Comey’s previous effort to explain the rules to Trump went entirely ignored — twice. And when Comey testified yesterday, he said explicitly that he took notes because he was “concerned Trump might lie” about their interactions, because of the “nature of the person.” Every Republican who continues to pretend Trump’s interactions with Comey are merely a matter of Trump’s inexperience, theatrical inclinations or business mind-set knows these basic facts. They all know perfectly well that Comey’s suspicions that Trump would deliberately mislead the American people about them had ample basis, and, indeed, are now being borne out.

Beyond this, as Brian Beutler points out, this faux naivete about Trump on the part of Republicans requires forgetting that he is surrounded by experienced officials who are ostensibly there to keep the White House within basic boundaries. Instead, they are willfully carrying out Trump’s relentless trampling of them.

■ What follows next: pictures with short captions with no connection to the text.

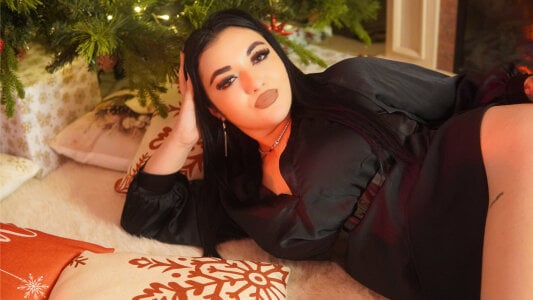 LaraBloom Santa’s favorite temptation 🥵✨🎁 Pic 6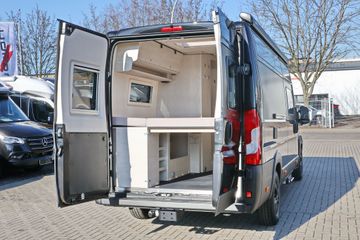 Fahrzeugabbildung Tourne Tourne 6.4 BLACK EDITION | LAGER
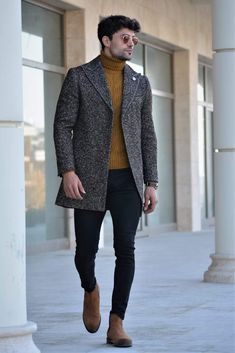 Saponi wool Coat Brown & Khaki-baagr.myshopify.com-Jacket-BOJONI Callum Hood, Mens Turtleneck Outfits, Long Trench Coat Outfit, Turtleneck Outfit Men, Der Gentleman, Men Stylish Dress, Guys Clothing Styles, Mens Winter Coat, Mens Winter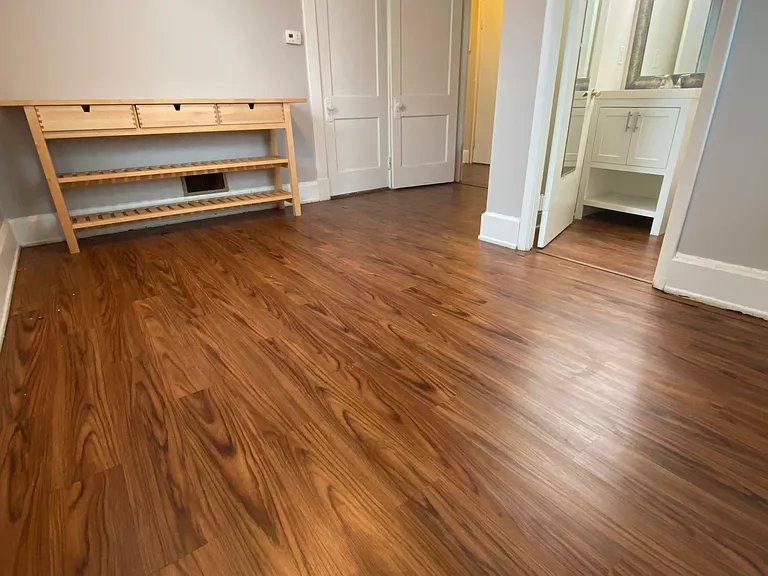 Living room/bathroom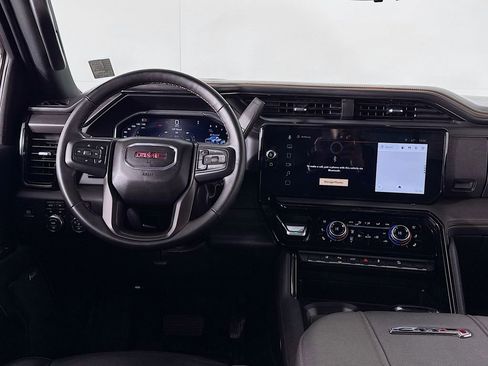 Used 2024 GMC Sierra 3500 AT4 w/ AT4 Premium Plus Package AWD/4WD image 11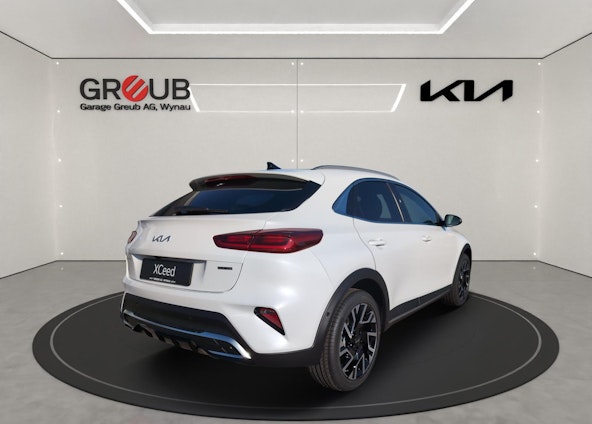 Vehicle image 4 Vehicle image 4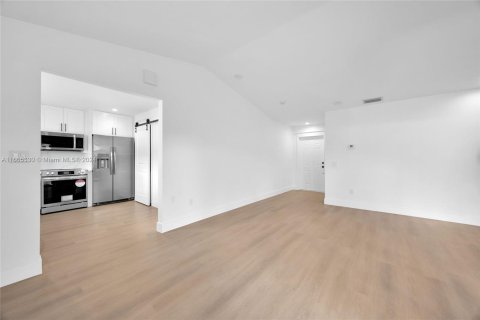 Copropriété à vendre à Miami, Floride: 1 chambre, 65.96 m2 № 1378800 - photo 2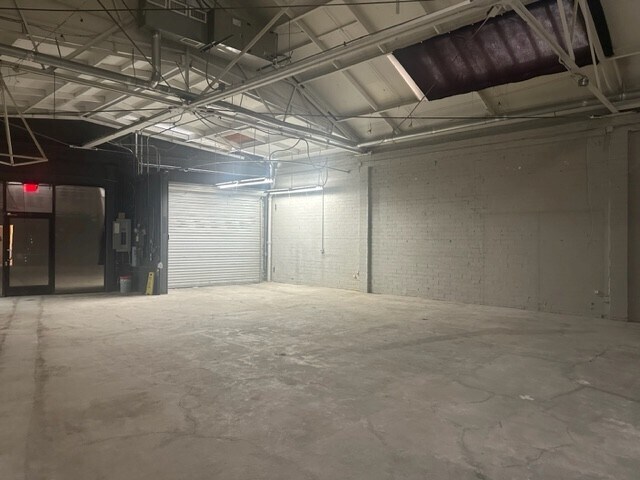 More Photos Of 5810 W 3rd St, Los Angeles Storefront For Lease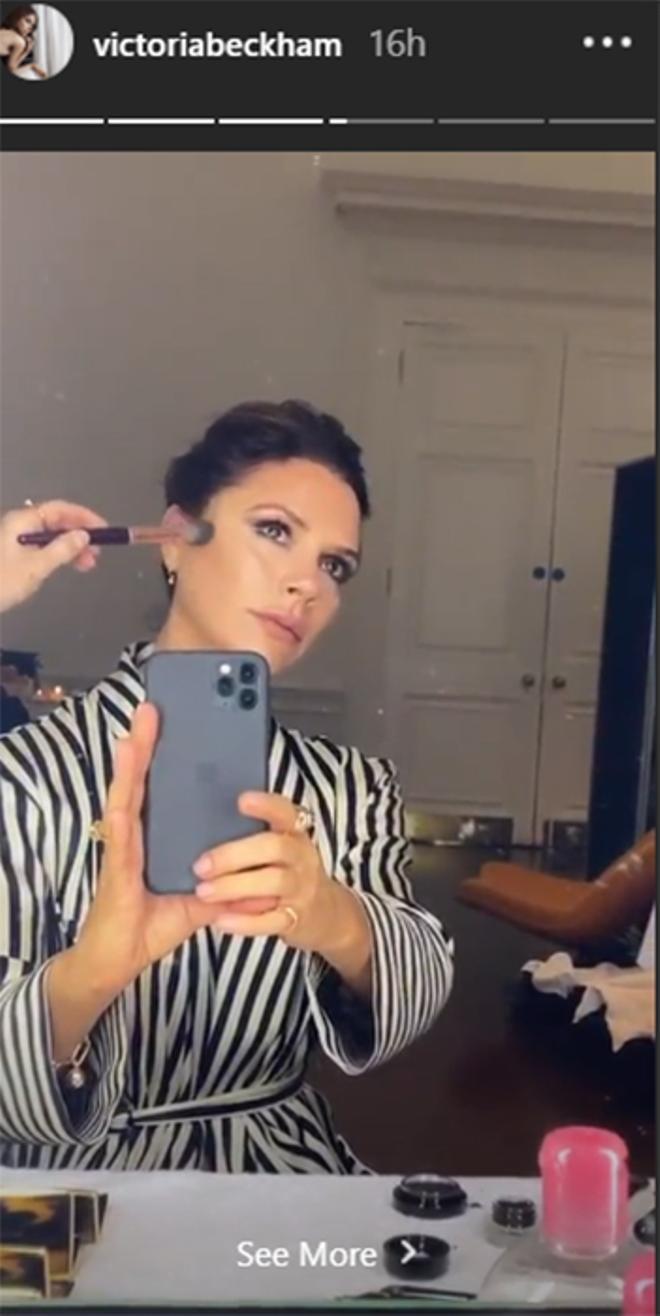 Victoria Beckham con una botella de Bioderma .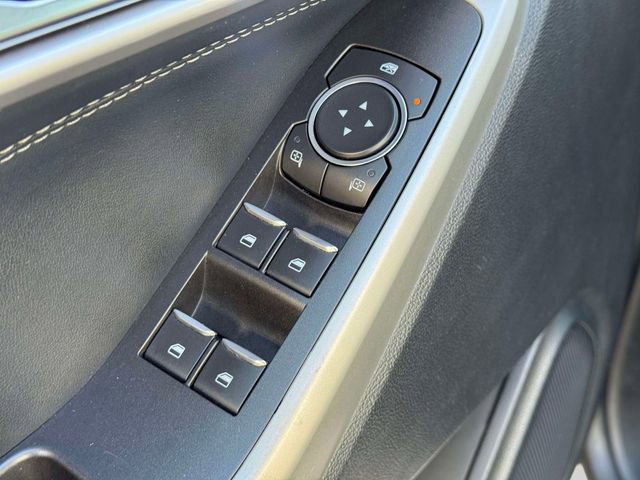 Used 2021 Ford Explorer XLT image 22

This touchingly innocent GOP naivete also requires forgetting all the ways that Trump has flouted the rules — and shown total contempt for our institutions and democratic processes, norms and constraints — on multiple other fronts for months. All these Republicans have witnessed the White House’s repeated attacks on the news media, which have strayed deep into an effort to undermine the fundamental institutional role of the press as a check on lawmakers’ excesses or corruption. They know Trump’s attacks on the courts have shaded into an effort to undermine their very legitimacy at a time when they are constraining Trump’s power to impose an immigration ban, which a senior Trump adviser explicitly described as a test run to demonstrate that his power “will not be questioned.”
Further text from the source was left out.